> _Listed entries_:
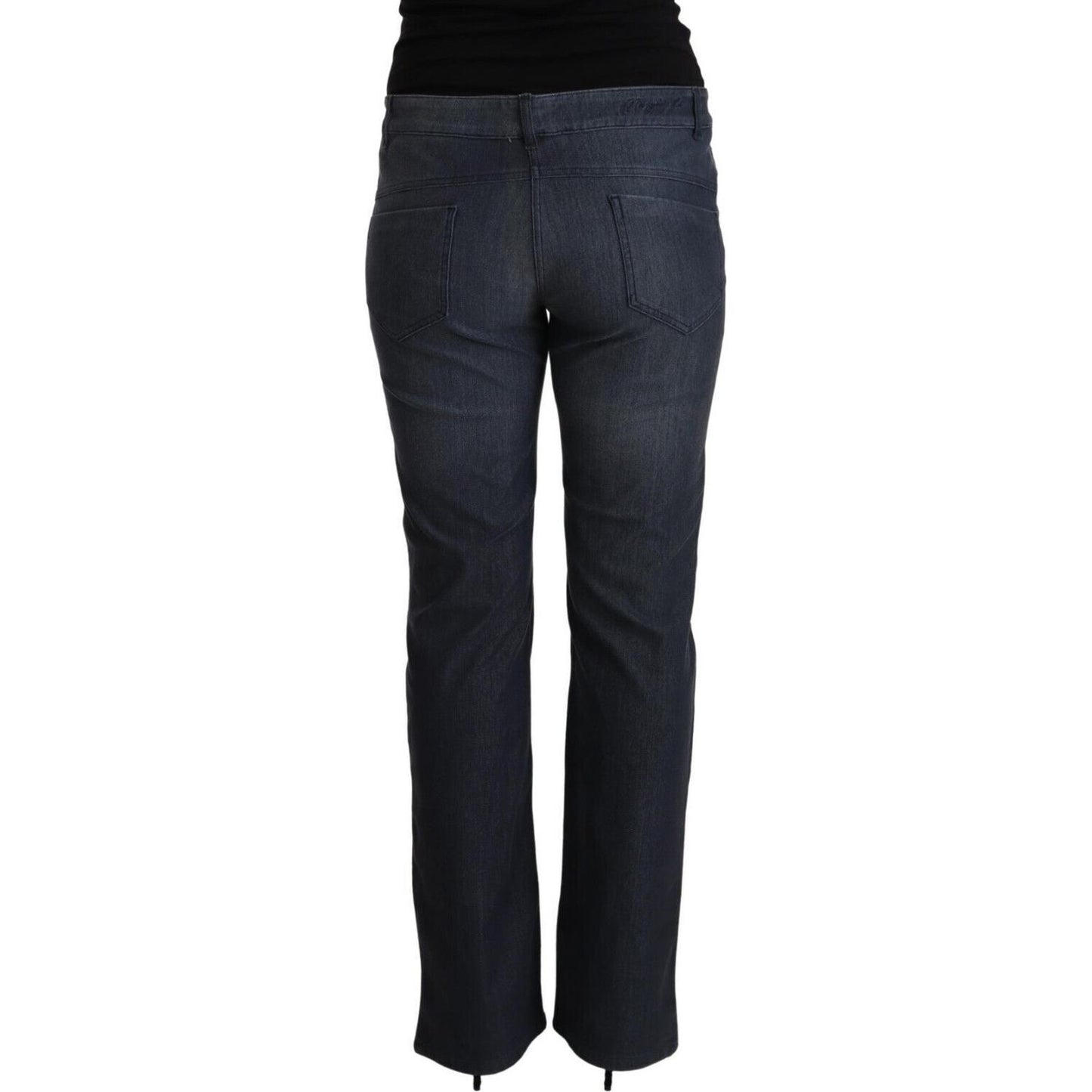 MARGHI LO' Chic Dark Blue Straight Cut Jeans MARGHI LO' Dark Slate Gray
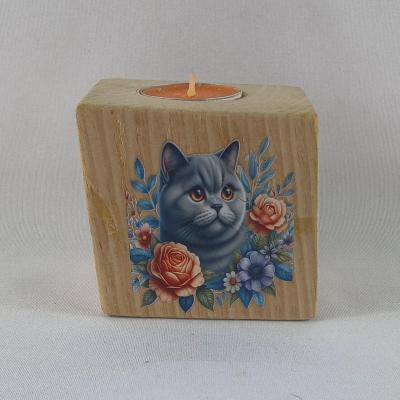 Bougeoir chat gris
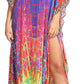 Sakkas Anahi Flowy Design V Neck Long Caftan Dress / Cover Up With Rhinestone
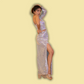 One Shoulder Silver Sequin Gown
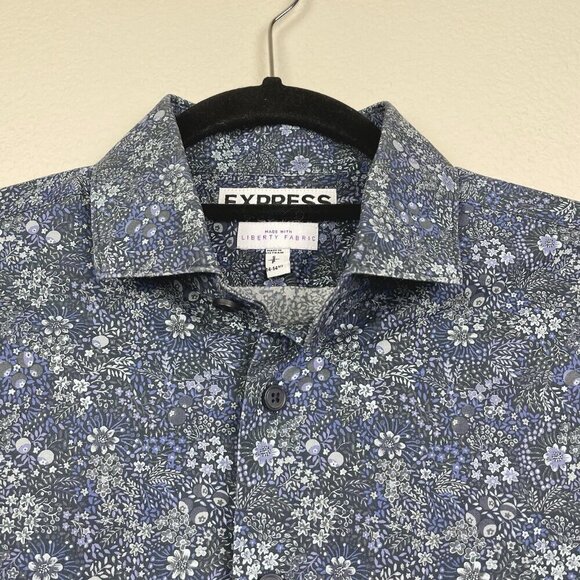 Express Men's Small Liberty Fabric Long Sleeve Collared Dress Shirt Blue Floral - Picture 4 of 14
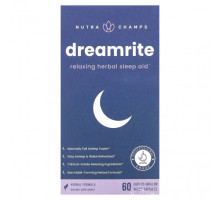 Растительные экстракты и настойки NutraChamps, Dreamrite, расслабляющее травяное средство для сна, 60 растительных капсул, которые легко глотать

> _Exercise_:
Without including any picture, print all of the entries above exactly.

> _Solution to the exercise_:
 MARGHI LO' Chic Dark Blue Straight Cut Jeans MARGHI LO' Dark Slate Gray
 Bougeoir chat gris
 Sakkas Anahi Flowy Design V Neck Long Caftan Dress / Cover Up With Rhinestone
 One Shoulder Silver Sequin Gown
 Express Men's Small Liberty Fabric Long Sleeve Collared Dress Shirt Blue Floral - Picture 4 of 14
 Растительные экстракты и настойки NutraChamps, Dreamrite, расслабляющее травяное средство для сна, 60 растительных капсул, которые легко глотать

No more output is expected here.